Our chestnut mare, Sal, now shares Salt Marsh Farm with Bob, a Suffolk Punch draft horse who arrived from Vermont on August 7. Bob is getting to know our farmers, too, and will assume much of the work that Sal has handled for the past 17 years while she enjoys her leisure.
Bob spent the past eight years horse-logging with Brad Johnson former Maine Coast Semester staff member and teacher (‘96-’00) and former Chewonki Farm and Woodlot Manager (‘01-’05). Bob has also been an important member of Johnson’s family, which includes his wife, Emily LeVan (MCS faculty ’97–’00, Camp Staff ’99, ’02–’03, Wilderness Trips leader) and their daughter, 14-year-old Maddie, who was born in Maine while Johnson and LeVan worked at Chewonki.
“It’s hard to let go,” says Maddie Johnson, who accompanied Bob to Chewonki and has spent a few days here getting him settled. “This horse has seen me through almost my entire childhood.” She was five years old and finally done with treatments for leukemia when Bob arrived at their Vermont farm.
Maddie doesn’t remember too much about Bob from the early days but over the years they became best friends. “I think I kind of fell in love with him,” she says, although she is frank about his cantankerous streak. “He’d had a lot of owners before he came to us, and they didn’t like him,” she says. “He has to know you are there. What he really wanted was relationship. I worked a lot with him–walk/trot/canter, jumping, standing on him, moving through his legs–and he was really willing to learn. He trusts me. He knows I wouldn’t do anything to him. Every person who works with horses has a once-and-a-lifetime horse. I think Bob’s that horse for me.“
She explains an important point about Bob to help us get to know him: “He carries his ears back. He always has! It doesn’t mean he’s angry, the way it does with most horses.” Sure enough, when she steps into his stall he gives her a fond nuzzle–with ears back. “You have to tell by looking at his face or feeling his mouth on the bit,” she says.

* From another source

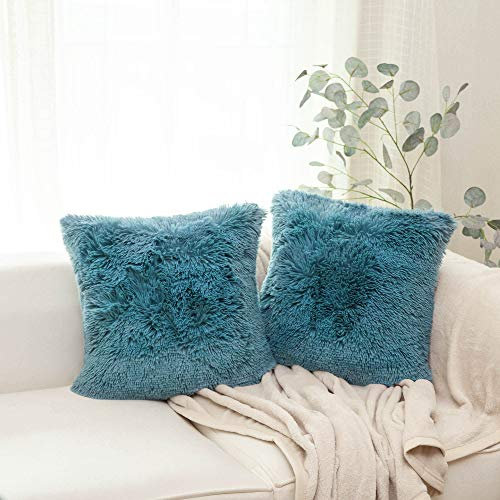 NordECO HOME 2er Set kissenbezüge 50x50 cm Kissen Dunkelblau Künstlich Pelz Fellkissen Dekorative Deko Kissen Kuschelkissen Flauschig Sofakissen Weich für Sofa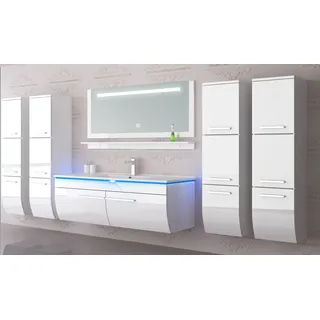 Homeline Badmöbel Set Weiss 240 cm Hochglanz Waschbecken Spiegel Komplett Bad Led System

Johnson has an extraordinary amount of horse sense for someone so young. She has appeared several times with Chewonki Farm Manager Megan Phillips during horse demonstrations at the Common Ground Fair. “I have loved watching Maddie’s interest in horses go from “I’ve got my horse backpack and my horse coloring books and my horse necklace!”to favorite horse movies and video clips to deep knowledge of horses and confidence in working with them,” Phillips says.
Sal gave Bob a cautious welcome. “She stamped one back hoof and gave a snuffle,” says Farm Manager Megan Phillips, “as if to say, ‘I could kick you if I wanted to, but I won’t.’” Once Sal figured out that Bob’s luxuriant tale swats flies away when she positions her head near it, their alliance was sealed.
Saying good-bye to this horse stirs a mix of emotions in Brad Johnson, who has become an expert horse-logger as he’s worked with Bob. “As my wife says, I spend more time with my horses than with her,” he says. “You form a strong partnership, so there is always some sadness when that ends. But I know Bob can’t do what I need him to do anymore.” Johnson is glad Bob will continue to be in caring hands at a farm he knows well.
Bob is learning about Chewonki. We’re learning about Bob. Maddie has made sure we know he loves corn husks and carrot tops. We are excited about deepening our relationship both with him and the people who already love him, our longtime Chewonki friends.